Major commodities are fresh vegetables, chilled fish, ornamental fish, cashews, flowers and machinery parts.

==Ground transport==
Taxis ply between the airport and the city of Mangaluru. Prepaid taxi service is available around the clock at the airport counter in the arrival hall. The nearest railway station is Jokatte railway station.
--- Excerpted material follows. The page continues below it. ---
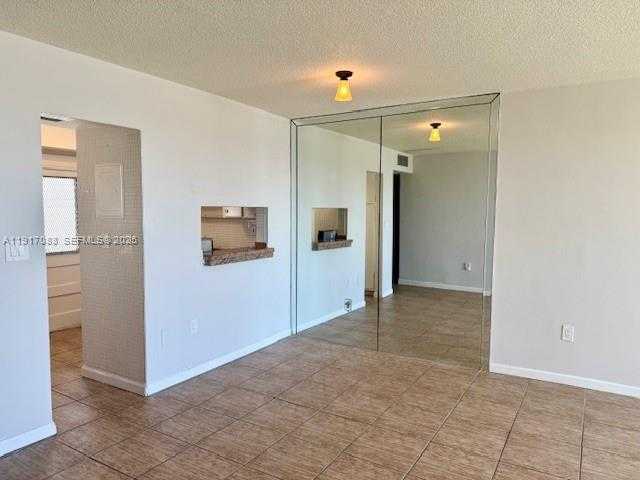 Small Image of 2859 LEONARD DR #G403, Aventura Number 6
==Accidents and incidents==

- On 19 August 1981, Indian Airlines Flight 557, a HAL 748 VT-DXF overshot the 5783 ft old runway 27 at Mangalore-Bajpe Airport in wet weather. The aircraft came to a halt just beyond the runway edge. While there were no fatalities, the aircraft was damaged beyond repair and was written off. One of the passengers was Veerappa Moily, then Finance Minister of Karnataka. An investigation revealed numerous pilot-attributed errors: the aircraft's flaps had not been set to landing position, the aircraft had landed long on the downsloping runway, at excessive speed and with a tailwind. The aircraft involved was HAL 748 VT-DXF, with manufacturer's serial number 511; it first flew in 1967.
- On 22 May 2010, Air India Express Flight 812, a Boeing 737-800 VT-AXV, flying on the Dubai-Mangalore route, overshot the 8033 ft runway number 06/24, killing 158 people, including 6 crew members; only 8 survived. The aircraft overshot the runway and plunged into a steep gorge at the end of the runway. The starboard wing impacted the concrete socket of the instrument landing system (ILS) localiser antenna, rendering it unusable. This resulted in delayed or cancelled flights for two weeks during the monsoon rains, which reduced visibility. It took the airport a little under a month to repair and calibrate the ILS and bring it back online.